Il capolavoro del compositore istriano-fiorentino era preceduto dal brano di Filippo Perocco in prima esecuzione assoluta, commissionato dalla stessa Chigiana, Disegnare rami per soprano, doppio coro, due pianoforti e live electronics. Il pezzo è poeticamente ispirato a un senso di meditazione epifanica di fronte a un luogo animato come il bosco, dove gli alberi sono esseri viventi con cui ci può essere rapporto di scambio emotivo, dialogico. Il contatto con le creature albero genera un senso di vicinanza alla precarietà della natura e dei suoi esseri, e da qui origina il lavoro di costruzione sonora di Perocco, basato su un’evanescenza delle forme: rami, foglie, frammenti di materia intravisti in trasparenza generano un ductus di minimi eventi sonori: sussurri, vocali sbiancate, parole smembrate in sillabe, ritagliate come in un intarsio ‘per via di levare’. Il doppio coro è chiamato, ci è parso, a una prova difficile, in una ragnatela di leggerezze e trasparenze, con i pianoforti preparati che seminano pulviscoli sonori, e un’elettronica che contribuisce al senso di smarrimento e stupore con un mantello di sonorità instabili, elettronica assai in sordina e poco sovrastante. Per fortuna, abbiamo pensato. I testi cantati sono dello stesso compositore, frutto di rielaborazioni che si rifanno a un tono di scrittura poetica performativa frequente nel secondo Novecento, e alla brava soprano Livia Rado spettava il compito di condurci in modo più chiaro attraverso immagini poetiche, scarne alla Paul Celan, o Alejandra Pizarnik, o nelle parti più naturalistiche abbiamo pensato anche a una poetessa contemporanea come Mariangela Gualtieri, mentre nei brani in tedesco si aggiungono elementi di pensiero filosofico, “einige Gestalt sich selbst darzustellen”, una figura cerca di darsi forma, di esprimersi, o anche “ein Kern... ein Funke... ein Gedanke”, un’essenza, una scintilla, un’idea, e pare di aggirarci in regioni rilkiane, o heideggeriane. Il brano si articola in 4 parti: Veglia, Carillon, Sogno-Metamorfosi-Seme, Congedo, e le parole frammentate e sparse, oltre alla condotta sonora descritta, ci immergono in un clima onirico. Nel finale, alla parte di soprano, in canto muto, una citazione dal tema finale dell’Uccello di fuoco di Stravinskij, dove si celebra la vittoria della luce sul buio e il principe Ivan sposa la principessa liberata, chissà, forse un finale ottimistico e di speranza.

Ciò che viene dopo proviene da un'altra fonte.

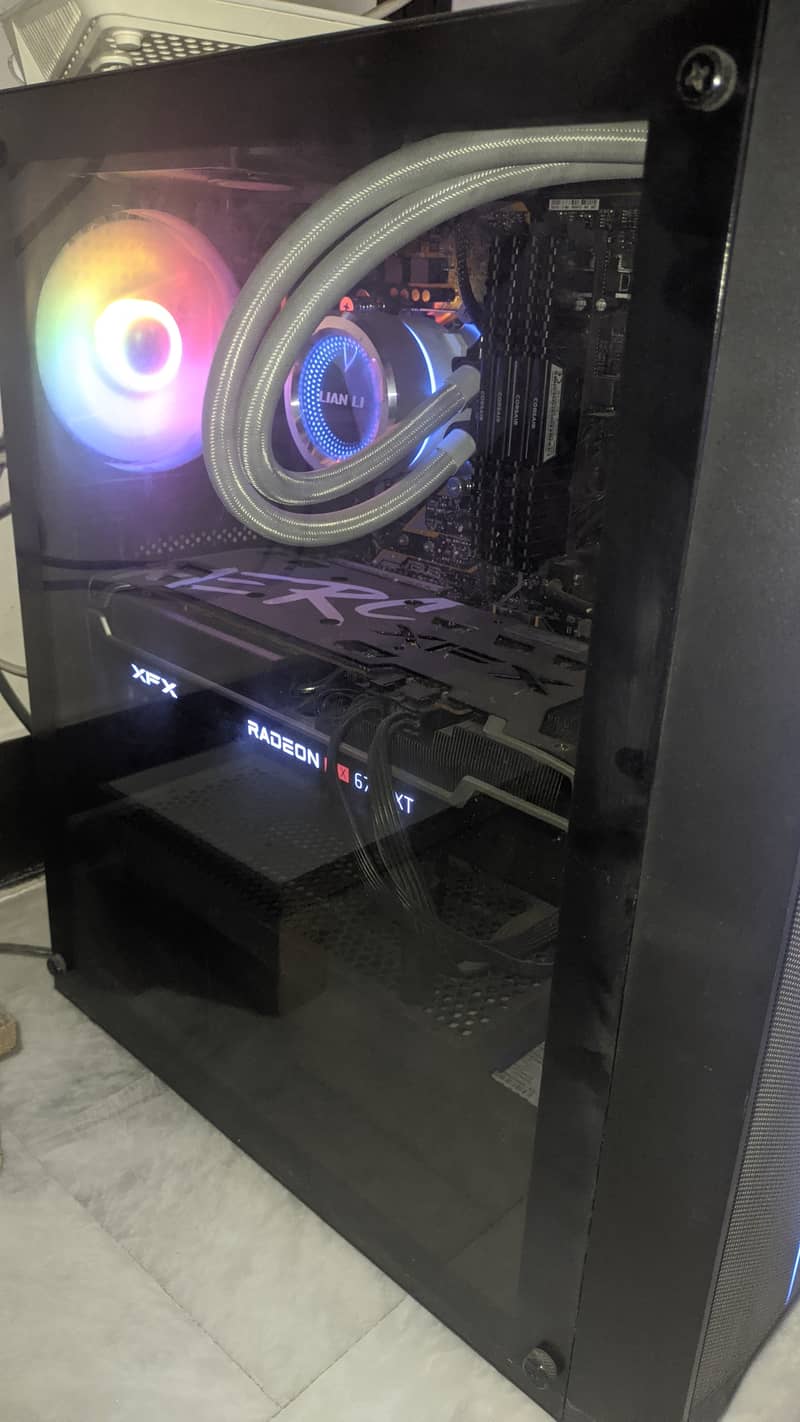 I9-9900k High End Gaming PC | RX 6700 XT 12 GB | Corsair 32GB 0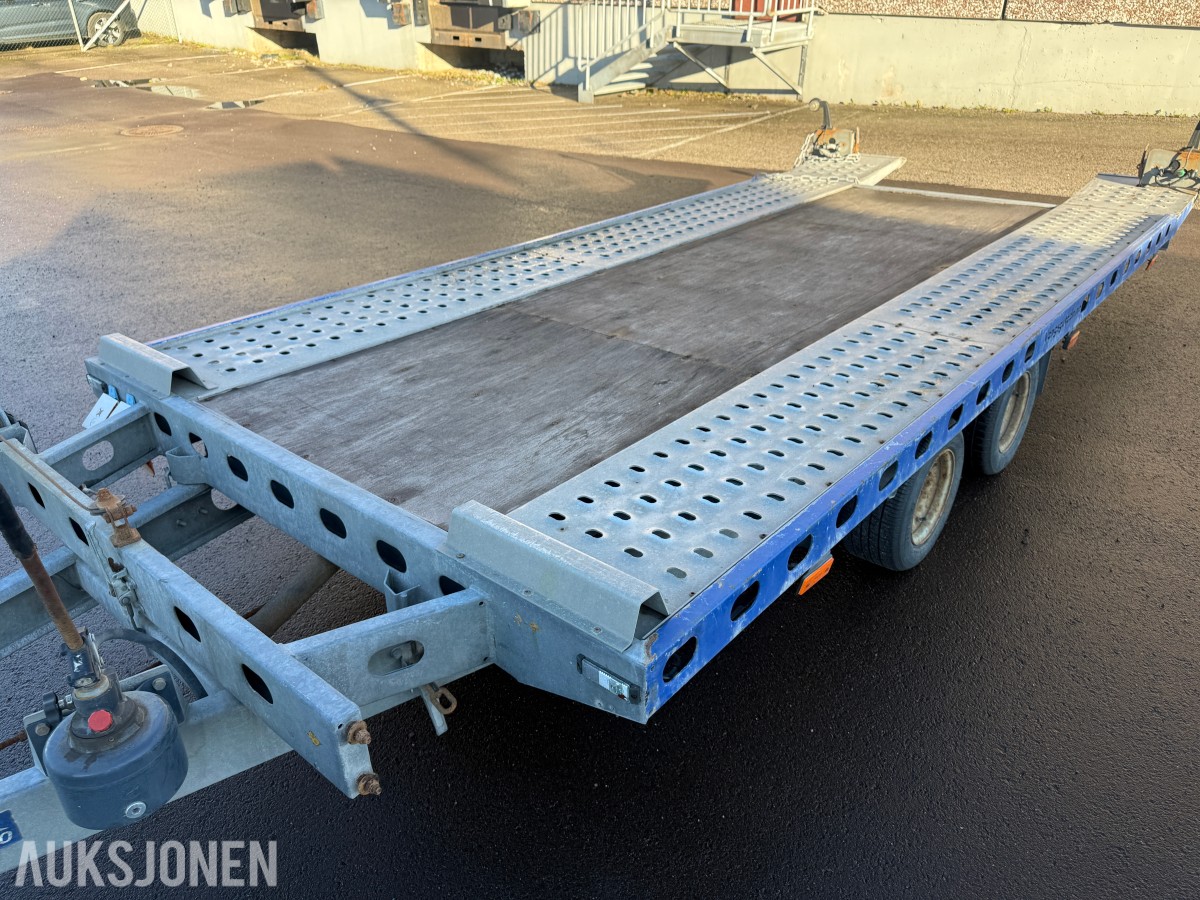 2016 WIOLA Vangsgutadn biltransporttilhenger 3 000 kg, 2 aksler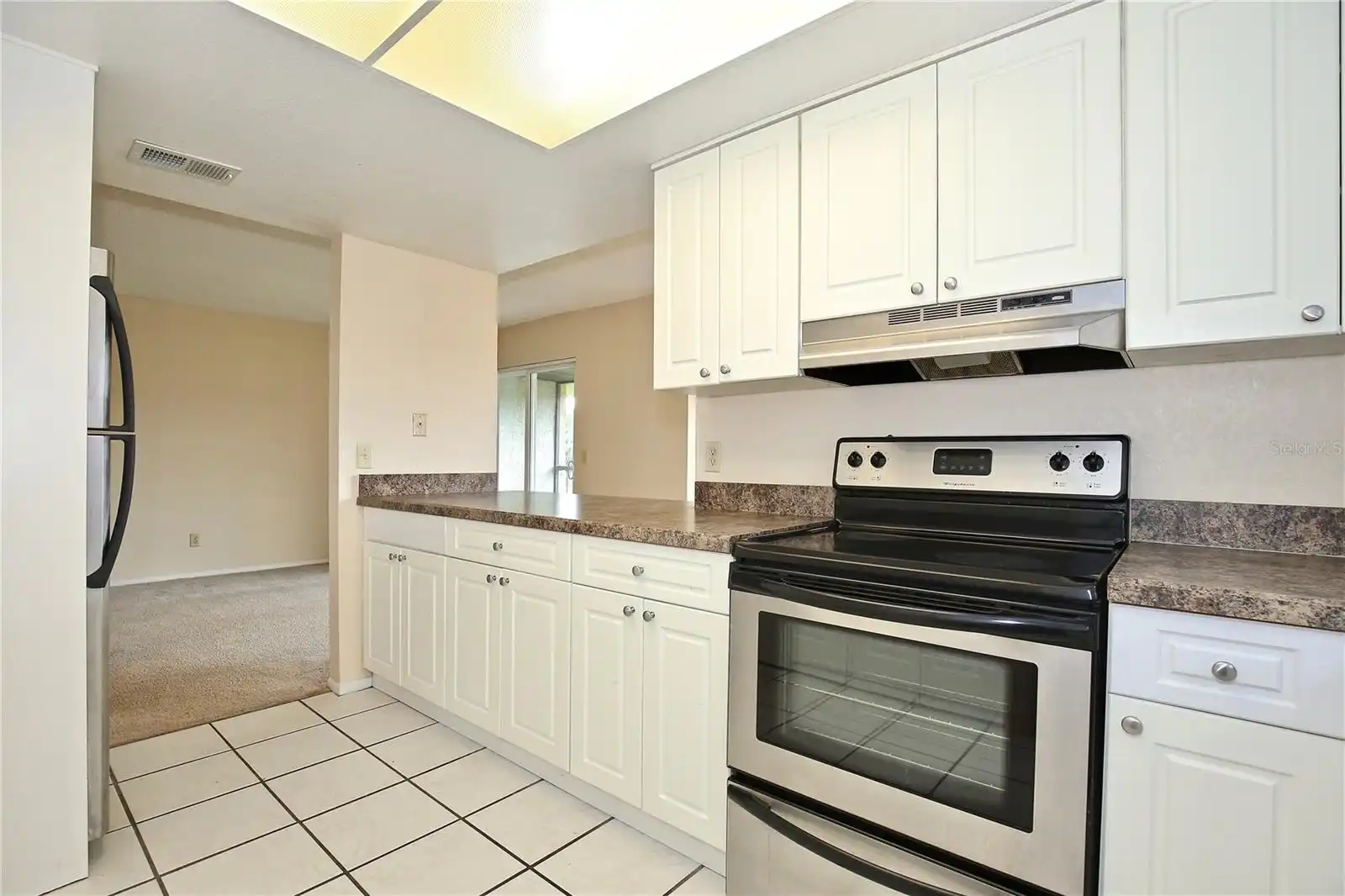 Listing Photo 14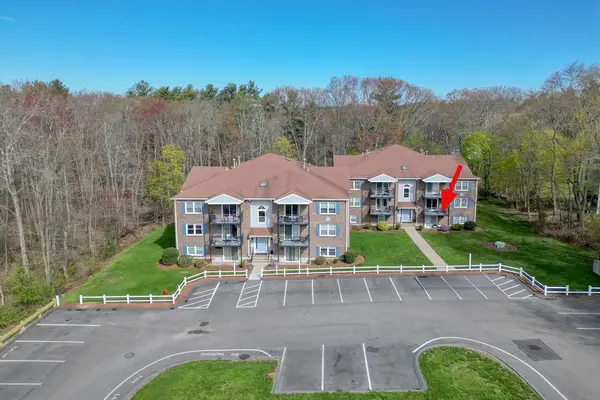 610 S Franklin St #F302, Holbrook, MA 02343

I Canti di prigionia (1938-41), per coro, percussioni, due pianoforti e due arpe sono un capolavoro della prima piena stagione creativa di Dallapiccola, profondamente sintonico con il drammatico clima bellico, e ideale preludio al successivo atto unico de Il prigioniero, un’opera simbolo di resistenza morale e denuncia artistica nel cuore del fascismo. E non è protesta e denuncia solo delle contingenze storiche, pur terribili, ma un monito universale, civile, eticamente profondo e ispirato. Il brano è un trittico, tre parti legate coerentemente dal linguaggio dodecafonico interpolato dal Dies irae gregoriano: Preghiera di Maria Stuarda, dalla preghiera della regina di Scozia dettata in carcere, Invocazione di Boezio con passi scritti in carcere dal terzo libro del De consolatione philosophiaeCongedo di Gerolamo Savonarola da testi del frate a commento del Salmo 30 In te, Domine, speravi, scritti dal carcere nell’attesa della morte imminente.

Fin dall’inizio si impone una scrittura di straordinaria intensità e densità, ieratica, tragica; la scelta del Dies irae ‘a guisa di cantus firmus’ veicola la forza apocalittica insita nelle parole, come sottolinea lo stesso compositore in un frammento autobiografico. Le voci anche se sussurrate in specifici momenti – Introduzione alla Preghiera-, sono generalmente impiegate in pienezza, in contrasto con le sonorità raggelate delle percussioni. La Preghiera e il Congedo sono i due pilastri drammatici, mentre l’Invocazione, più breve, è una sorta di Scherzo toccatistico, con veloci e leggeri sequenze dei pianoforti di grande brillantezza e perizia contrappuntistica poi strutturate armonicamente nel cantus firmus con l’entrata del coro. Esecuzione convincente e molto applaudita di coro e solisti: Anna D’Errico e Aldo Orvieto pianoforti, Emanuela Battigelli e Stefania Scarpin arpe, Antonio Caggiano e il Chigiana Percussion Ensemble, la direzione di Lorenzo Donati esperta e precisa, nei Canti con un di più di partecipazione emotiva, dal direttore stesso comunicata al pubblico prima del Congedo come bis.